Elastic Search Templates

We leverage Elastic Search's search templates in order to allow you to run arbitrary elastic queries inside your features.

First, define a template for all the queries you'd like to use inside your features. We will use the following template from the elastic documentation in this example:

PUT _scripts/my-search-template
{
"script": {
"lang": "mustache",
"source": {
"query": {
"match": {
"message": "{{query_string}}"
}
},
"from": "{{from}}",
"size": "{{size}}"
},
"params": {
"query_string": "My query string"
}
}
}

Here is a typical response from that same example:

{
"took": 36,
"timed_out": false,
"_shards": {
"total": 1,
"successful": 1,
"skipped": 0,
"failed": 0
},
"hits": {
"total": {
"value": 1,
"relation": "eq"
},
"max_score": 0.5753642,
"hits": [
{
"_index": "my-index",
"_type": "_doc",
"_id": "1",
"_score": 0.5753642,
"_source": {
"message": "hello world"
}
}
]
}
}

Using the Plugin

The following example shows how to connect that template to a feature:

type Document {
_id : String!
message : String! @no_log
_score : Float! @hidden
_ltrlog : Json @hidden
}

feature SearchPage {
args {
queryString : String! @test("test query")
from : Int! @test(0)
size : Int! @test(10)
}
outputs {
documents : [Document!]!
}
event Click {
_id : ID!
bounceTime : Int @elapsed( path: ["SearchPage", "SearchPage.Click"] )
}
}

You can hook up an elastic search query to the front end using the external link editor. Use the editor to feature flag in a new ES query, or run experiments between two different queries. You can specify the endpoint for your elastic search cluster and the search template you'd like to use. The external link dialog will also let you test your feature to make sure it is compatible with the stored query template.
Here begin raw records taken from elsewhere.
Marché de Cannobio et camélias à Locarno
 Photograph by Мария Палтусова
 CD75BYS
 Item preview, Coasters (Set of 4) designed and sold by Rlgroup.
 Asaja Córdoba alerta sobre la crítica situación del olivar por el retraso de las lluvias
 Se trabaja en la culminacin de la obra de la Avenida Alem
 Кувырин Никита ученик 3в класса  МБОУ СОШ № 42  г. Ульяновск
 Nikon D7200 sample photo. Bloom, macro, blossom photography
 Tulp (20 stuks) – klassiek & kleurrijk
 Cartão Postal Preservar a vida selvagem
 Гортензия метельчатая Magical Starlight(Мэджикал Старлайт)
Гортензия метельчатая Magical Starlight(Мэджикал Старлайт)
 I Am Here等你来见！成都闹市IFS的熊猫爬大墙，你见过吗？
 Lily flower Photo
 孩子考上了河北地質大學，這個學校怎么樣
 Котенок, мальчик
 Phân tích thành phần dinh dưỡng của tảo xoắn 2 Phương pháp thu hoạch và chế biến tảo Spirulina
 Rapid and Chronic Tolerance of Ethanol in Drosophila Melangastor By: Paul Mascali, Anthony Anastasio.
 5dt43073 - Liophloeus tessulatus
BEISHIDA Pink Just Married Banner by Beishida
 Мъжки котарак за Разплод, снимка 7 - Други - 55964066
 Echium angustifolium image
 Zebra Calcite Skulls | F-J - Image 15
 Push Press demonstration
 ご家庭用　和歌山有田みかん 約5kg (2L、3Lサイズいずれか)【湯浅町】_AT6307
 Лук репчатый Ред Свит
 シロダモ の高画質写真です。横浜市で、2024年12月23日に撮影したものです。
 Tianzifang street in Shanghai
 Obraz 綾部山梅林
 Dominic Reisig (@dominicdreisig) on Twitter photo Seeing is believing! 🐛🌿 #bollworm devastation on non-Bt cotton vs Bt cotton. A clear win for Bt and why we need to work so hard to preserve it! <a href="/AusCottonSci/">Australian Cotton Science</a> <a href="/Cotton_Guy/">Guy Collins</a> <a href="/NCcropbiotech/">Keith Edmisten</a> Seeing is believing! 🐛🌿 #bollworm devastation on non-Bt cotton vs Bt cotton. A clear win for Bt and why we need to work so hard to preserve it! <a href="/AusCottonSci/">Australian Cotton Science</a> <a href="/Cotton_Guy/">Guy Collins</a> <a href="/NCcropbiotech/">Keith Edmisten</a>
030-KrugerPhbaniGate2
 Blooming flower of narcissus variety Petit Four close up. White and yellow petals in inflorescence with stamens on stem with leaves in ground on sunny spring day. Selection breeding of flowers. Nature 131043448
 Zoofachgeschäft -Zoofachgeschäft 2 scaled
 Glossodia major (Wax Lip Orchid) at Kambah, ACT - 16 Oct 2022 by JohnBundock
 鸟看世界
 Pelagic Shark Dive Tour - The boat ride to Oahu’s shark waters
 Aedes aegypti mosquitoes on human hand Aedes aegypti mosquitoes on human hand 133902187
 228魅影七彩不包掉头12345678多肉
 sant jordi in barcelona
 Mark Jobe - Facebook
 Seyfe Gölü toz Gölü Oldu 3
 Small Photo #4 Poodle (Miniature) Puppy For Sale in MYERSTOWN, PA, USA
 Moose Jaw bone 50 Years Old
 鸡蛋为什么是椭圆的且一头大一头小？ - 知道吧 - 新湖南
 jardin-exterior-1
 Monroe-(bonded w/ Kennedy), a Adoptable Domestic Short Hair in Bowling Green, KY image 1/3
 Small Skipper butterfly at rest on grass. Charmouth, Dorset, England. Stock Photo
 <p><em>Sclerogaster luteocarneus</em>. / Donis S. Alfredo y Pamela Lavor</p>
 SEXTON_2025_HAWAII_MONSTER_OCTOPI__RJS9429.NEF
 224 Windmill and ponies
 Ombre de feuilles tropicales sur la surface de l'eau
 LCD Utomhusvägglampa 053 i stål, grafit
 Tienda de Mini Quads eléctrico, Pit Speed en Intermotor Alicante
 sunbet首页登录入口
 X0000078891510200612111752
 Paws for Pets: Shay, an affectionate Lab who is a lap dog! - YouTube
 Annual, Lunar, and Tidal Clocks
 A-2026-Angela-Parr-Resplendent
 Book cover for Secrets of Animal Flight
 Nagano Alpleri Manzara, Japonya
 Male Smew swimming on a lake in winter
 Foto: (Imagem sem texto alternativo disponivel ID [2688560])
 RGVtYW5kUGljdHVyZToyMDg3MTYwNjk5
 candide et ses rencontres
Causal will copy document field names from the elastic result (first using "fields", then "_source") into the list of documents specified in your feature. If, for some reason, the query gives an error, the client will get default values. This can also include feature values for your machine learning model if you use the learning-to-rank logging extension.

There may be some data that you do not want to store in your feature impression tables. For example, the message field may contain a lot of data that is needed by the front end, but not needed during analytics. Use the @no_log directive to filter these out. The data will be sent to the front end, but dropped from the data warehouse.

There may be some sensitive data that you may need for training or your internal systems, but do not want exposed to the front end. For example, score may be important for analytics. The LTR feature values will be invaluable to data scientists training new learning to rank models. However, you don't really want that showing up on your front end. That may be potentially sensitive information that you do not want your competitors to have. In these cases use the @hidden directive. They will be logged to the data warehouse for analysis, but never leave your data center to the front end application.

Recording Results

Implicit feedback, in the form of use clicks on your search page, can be used to compare different search configurations through experimentation. It is also one of the most valuable forms of feedback that data scientists use to train new models to improve your search.

In addition to click rate and other simple search metrics, Causal supports order based statistics like NDCG. You can use this to compare experiment variants based on where the clicks appear in the list (as opposed to just if), and verify that your ranking models are performing as expected when run in the real world. In order to do so, Causal needs to know which document was clicked on. So when you specify your click event, make sure to have a reference back to the document, like _id above.

As shown in this article from Microsoft Research, it's often useful to filter out bounces from your search metric when calculating your statistics. For example, if your user clicks on a document, glances at it, and then winds up doing another search withing a few seconds, that is probably not a successful outcome. The @elapsed directive is ideal for figuring this out. If you specify such an elapsed time in your click event, you can use it in your search metrics and machine learning training without any extra development.